» **The problem**:
Exclude the pictures, and otherwise reproduce the data in full.

» **Input for this task**:
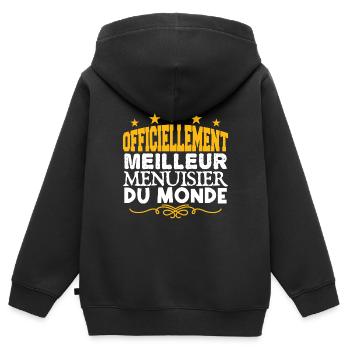 Menuisier | meilleur Menuisier | légende Menuisier - Sweat Premium à capuche zippé enfant bio - noir - Dos - AI Model Kid Male (0cm)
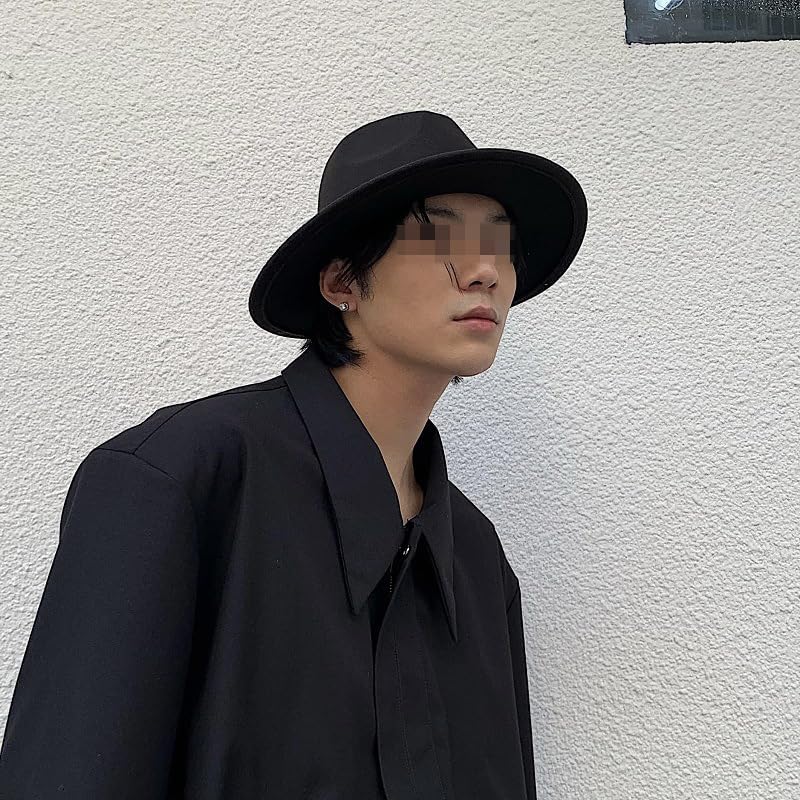 Black Classic Fedora Hat with Belt Buckle Felt Panama Short Brim Trilby Jazz Cap for Men Women Wedding Party Show Head Circumference 58cm/22.83inch - Image 5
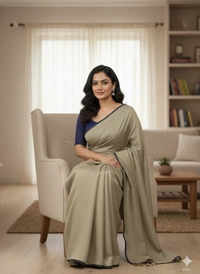 SKU1216 : Pure Khadi Cotton Saree – Handwoven, Lightweight & Breathable Fabric - Hand Wash, Yes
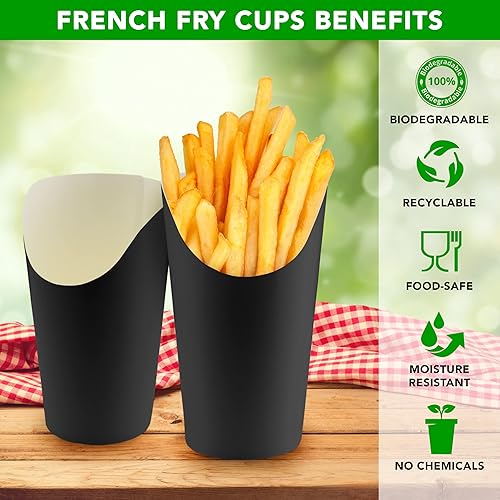 Miniatura 6 de Green Direct Vasos de papel desechables de 16 onzas para papas fritas negras  Tazas de charcutería desechables para papas fritas  Soporte para vasos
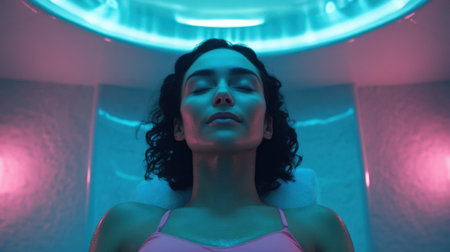 A calm woman enjoys a serene spa experience, surrounded by soothing pink and blue lights. This environment promotes relaxation, wellness, and self-care for a rejuvenating experience.の素材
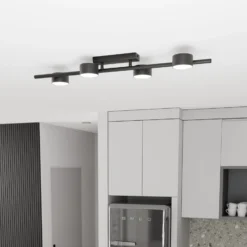 Deckenstrahler Bet, Länge 80 cm, schwarz, Metall, 4-flg.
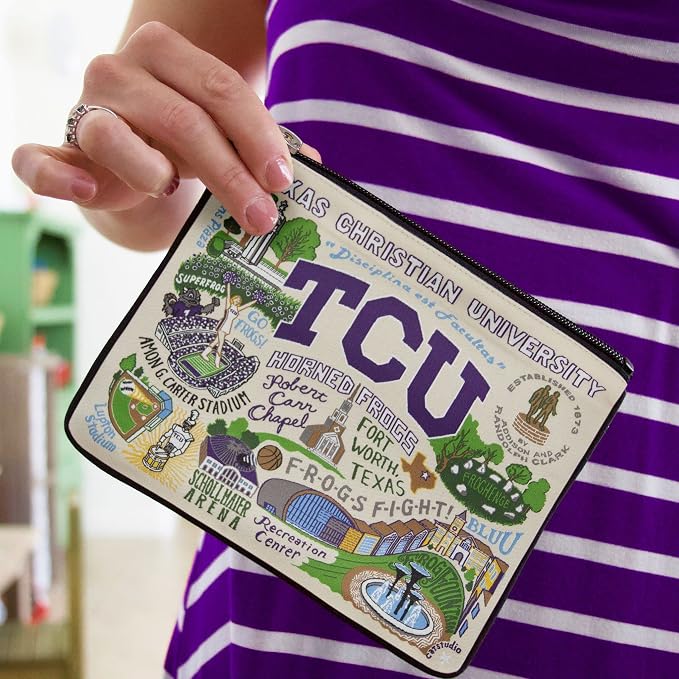 Catstudio Collegiate Zipper Pouch, Texas Christian University Travel Toiletry Bag, Ideal Gift for Alumni, Makeup Bag, Dog Treat Pouch, or Travel Purse - Image 3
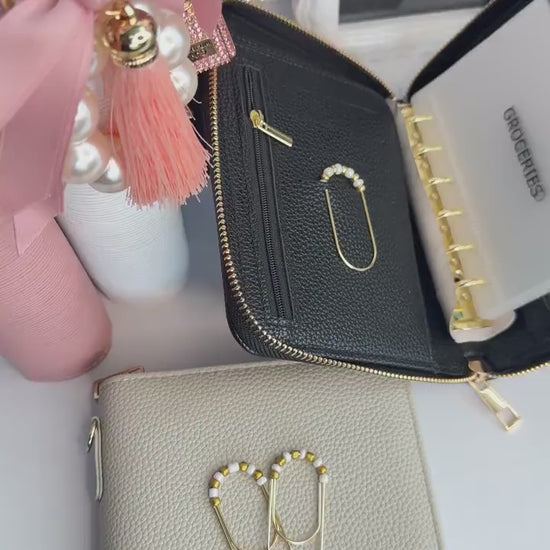 A7 Oversized Litchi  Budget Wallet/Binder: Cash Stuffing Organizer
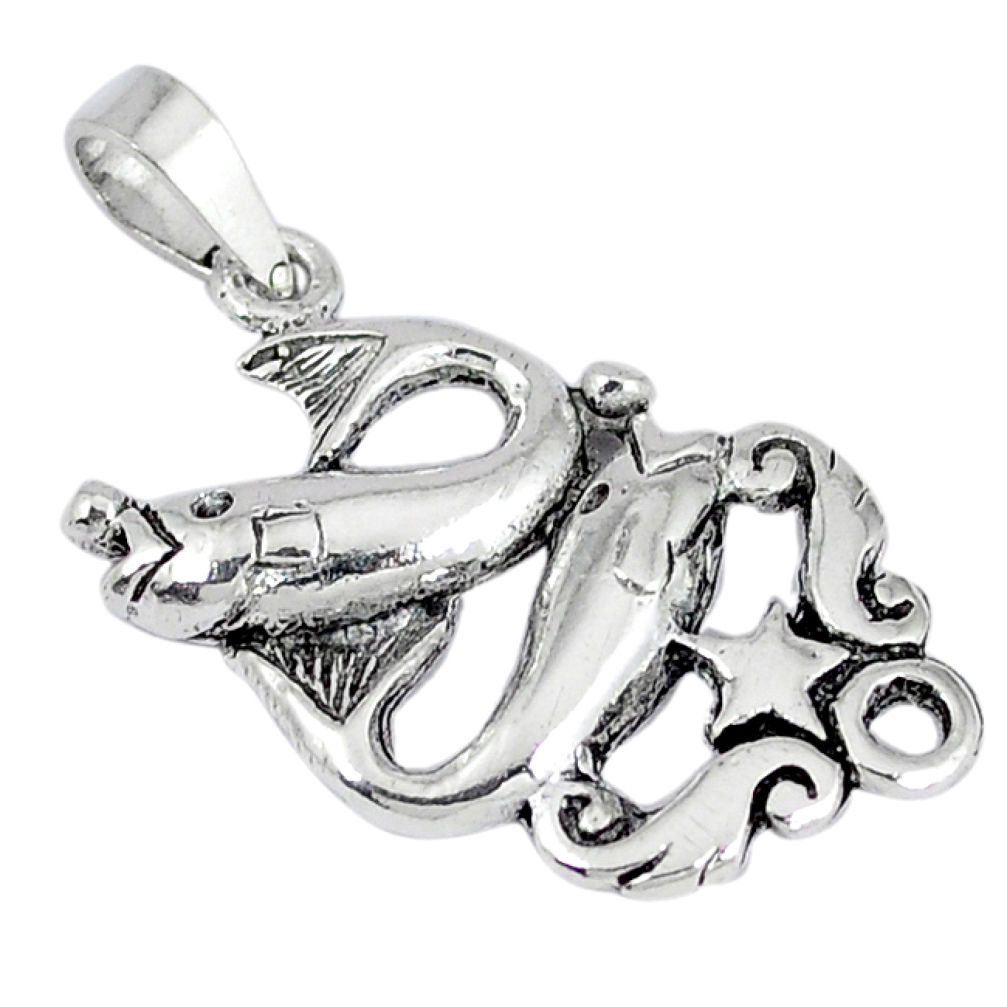 Indonesian bali style solid 925 sterling silver dolphin pendant jewelry p3745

» **Solution to this problem**:
 Menuisier | meilleur Menuisier | légende Menuisier - Sweat Premium à capuche zippé enfant bio - noir - Dos - AI Model Kid Male (0cm)
 Black Classic Fedora Hat with Belt Buckle Felt Panama Short Brim Trilby Jazz Cap for Men Women Wedding Party Show Head Circumference 58cm/22.83inch - Image 5
 SKU1216 : Pure Khadi Cotton Saree – Handwoven, Lightweight & Breathable Fabric - Hand Wash, Yes
 Miniatura 6 de Green Direct Vasos de papel desechables de 16 onzas para papas fritas negras  Tazas de charcutería desechables para papas fritas  Soporte para vasos
 A calm woman enjoys a serene spa experience, surrounded by soothing pink and blue lights. This environment promotes relaxation, wellness, and self-care for a rejuvenating experience.の素材
 Deckenstrahler Bet, Länge 80 cm, schwarz, Metall, 4-flg.
 Catstudio Collegiate Zipper Pouch, Texas Christian University Travel Toiletry Bag, Ideal Gift for Alumni, Makeup Bag, Dog Treat Pouch, or Travel Purse - Image 3
 A7 Oversized Litchi  Budget Wallet/Binder: Cash Stuffing Organizer
 Indonesian bali style solid 925 sterling silver dolphin pendant jewelry p3745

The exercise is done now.